Güftesi Baki Süha Ediboğlu'na, bestesi Refik Fersan'a ait segâh
eseri yorumlarken, kendini halktan bir garibanın yerine koyar
gibidir:
Herkes gitti yalnız kaldım meyhanede
Gözyaşlarımı
içtim son peymanede
Bu kalp durdu dün gece virânhanede
Çocuk yaşında sabah akşam Hafız Burhan'ı ve onun Makber'ini
dinleyen birinden de bu beklenir.
İstanbullu Hamiyet, ilk sahne tecrübesini 11 yaşında
Balıkesir-Burhaniye'de yaşar, 16 yaşında İstanbul'a dönüp Londra Birahanesi'nde
okumaya başladığında, Anadolu şehirlerinde kendini çoktan yetiştirmiş, özellikle
Antep'te pişmiştir. Devrin bütün gazinoları ona 60'lı, 70'li yıllara kadar kucak
açar. 1968'de, Mevlana'yla ilgili Necip Mirkelamoğlu'nun hüseyni eseri Bezm-i
meyde dün gece pervane gibi döndüm'ü gazino sahnesinde, uygun bir mizansenle
seslendirmek istediğinde, Türk sağının ünlü Mevlevi kalemi Refi Cevat Ulunay'ın
tepkisini çeker: "700 sene bu memleketin ilmine, irfanına, felsefesine,
edebiyatına, musikisine hizmet eden Mevlânâ Celâleddin-i Rumî, İstanbul'un bir
salaş meyhanesinde nasıl istismar edilir?" Yüceses'in cevabı nettir: "Biz
gazinoda Mevlânâ ayini tertip etmiyoruz. İçkisiz bir müzikholde Mevlânâ aşkına
yazılmış bir şarkıyı adabı ve erkânı ile okumaya hazırlanıyoruz".

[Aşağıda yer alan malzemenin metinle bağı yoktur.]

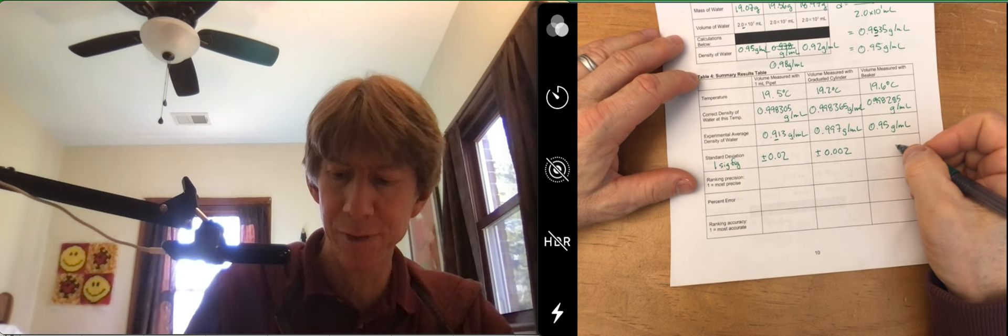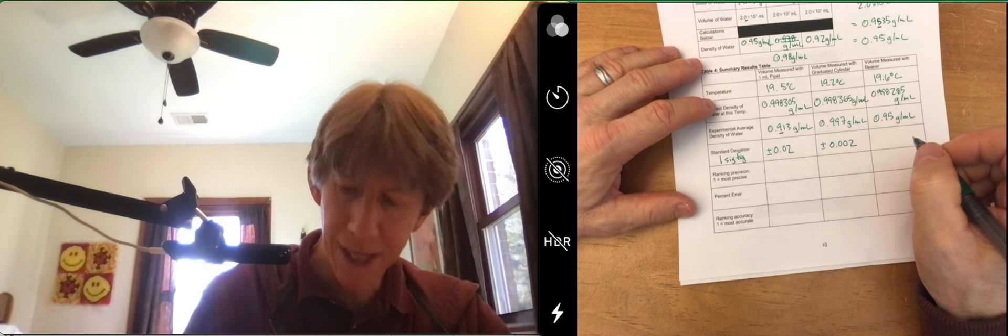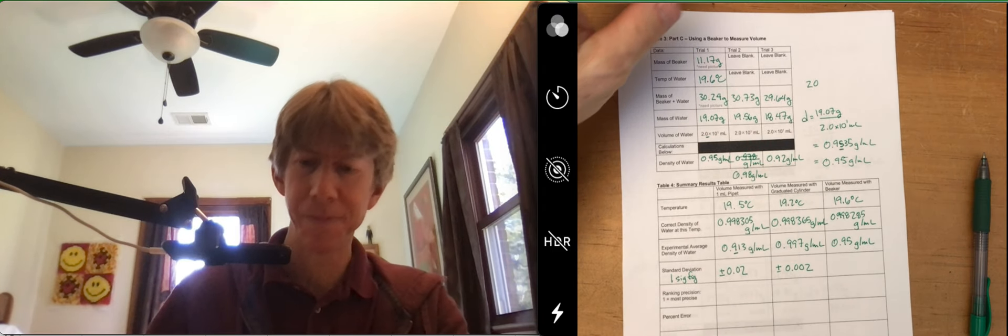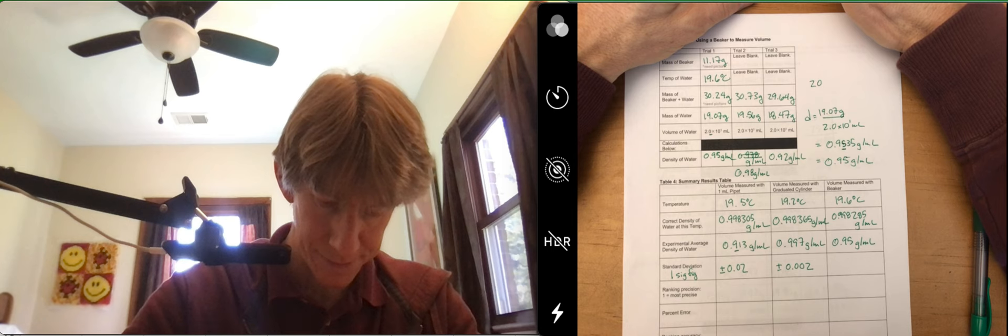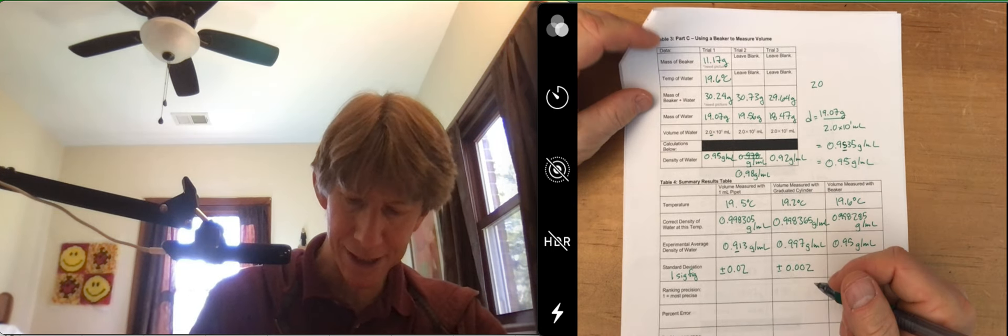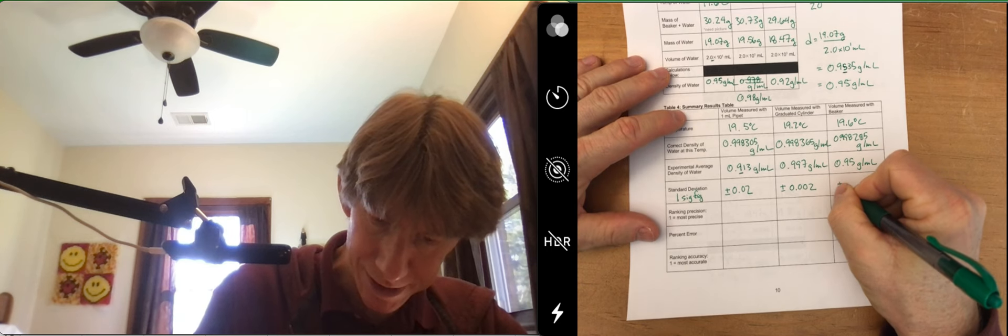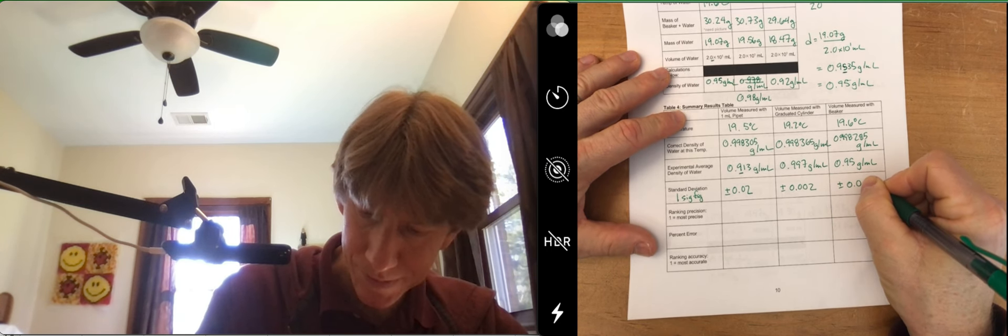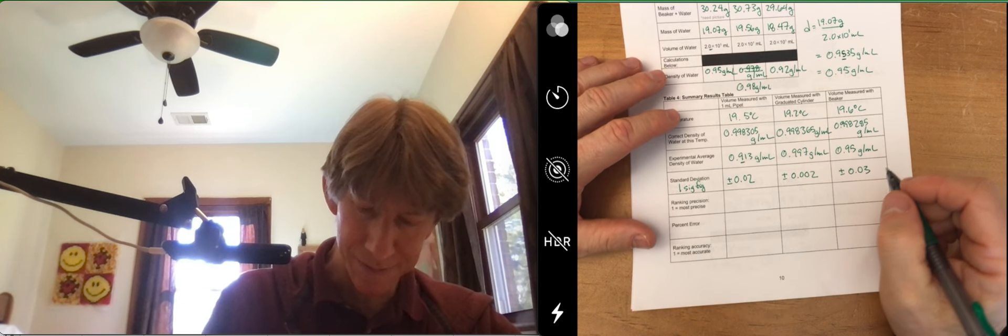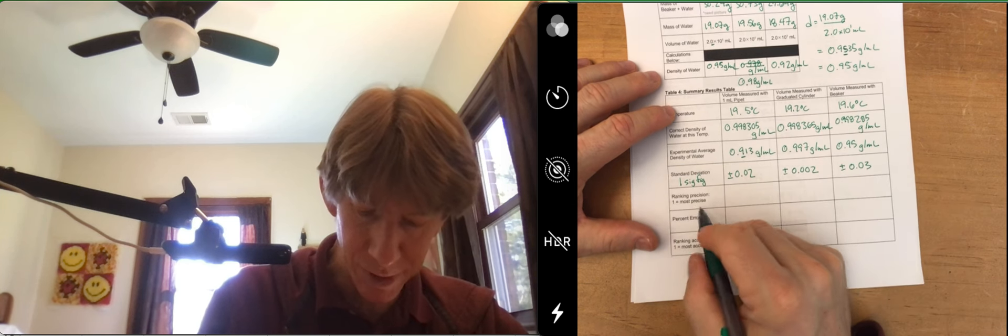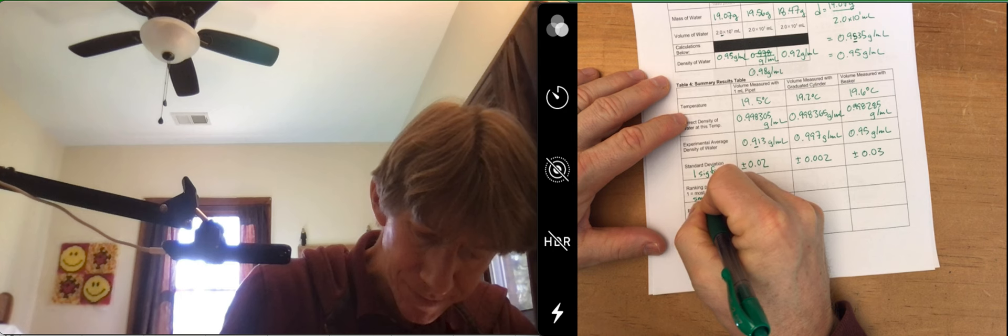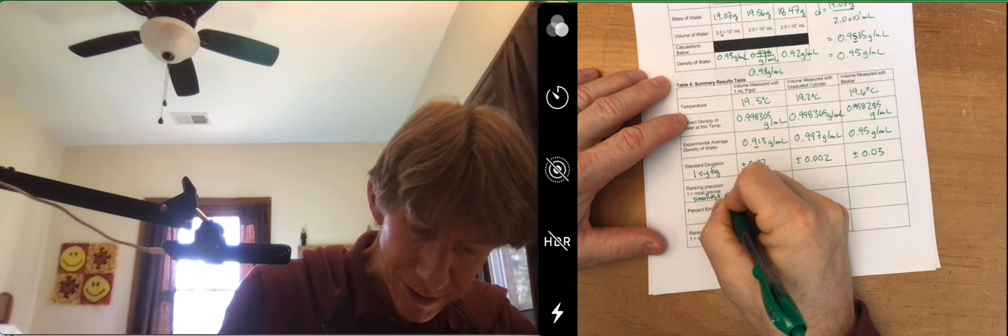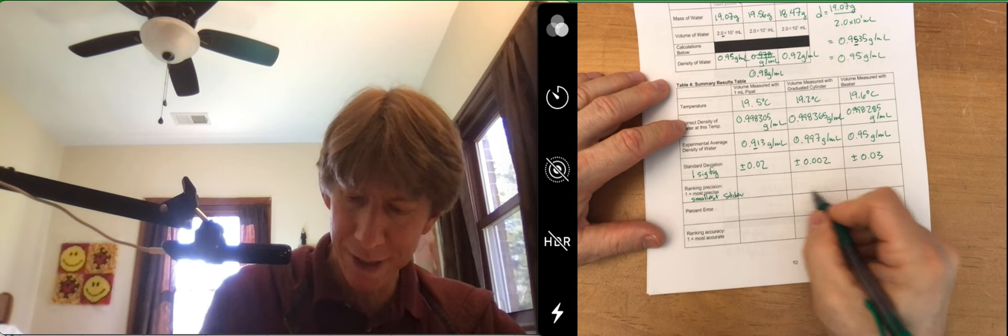And the third one for the beaker will be similar. Let's go ahead and do it because I have to rank precision. Well, I hate to say it, but it's going to be plus or minus 0.03. Now, ranking precision, most precise has smallest standard deviation. The smallest one is here, so this is the most precise.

Hamiyet Yüceses deyince akla gazelli şarkılar gelir. İçki
kültürüne de göz kırpan bu serbest form, musiki âleminin muhafazakârlarınca
hiçbir zaman el üstünde tutulmamıştır. Hamiyet Yüceses, bu tercihi ve ısrarı
yüzünden 50'li yıllarda İstanbul Radyosu'ndan uzaklaştırılınca, Radyoevi'ne
"Türk musikisinin operası olan gazel nasıl yasaklanır" diye isyan eden
telgraflar çekilmiş, hayranları arasında radyosunu mühürleyenlere, hatta
yakanlara rastlanmıştır. O devirde gramofon olan her evin, her kahvenin, her
meyhanenin baş köşesinde iki gazelli plak bulunmaktadır: Hamiyet'in sesinden
Makber ve Bakmıyor çeşm-i siyah feryade. 80 yaşında hayatını yitirdiğinde,
vasiyeti üzerine, mezarı başında, 50'li yıllarda kaydettiği Bir bakışta âşık
oldum gözlerine ey peri gazeli çalınır.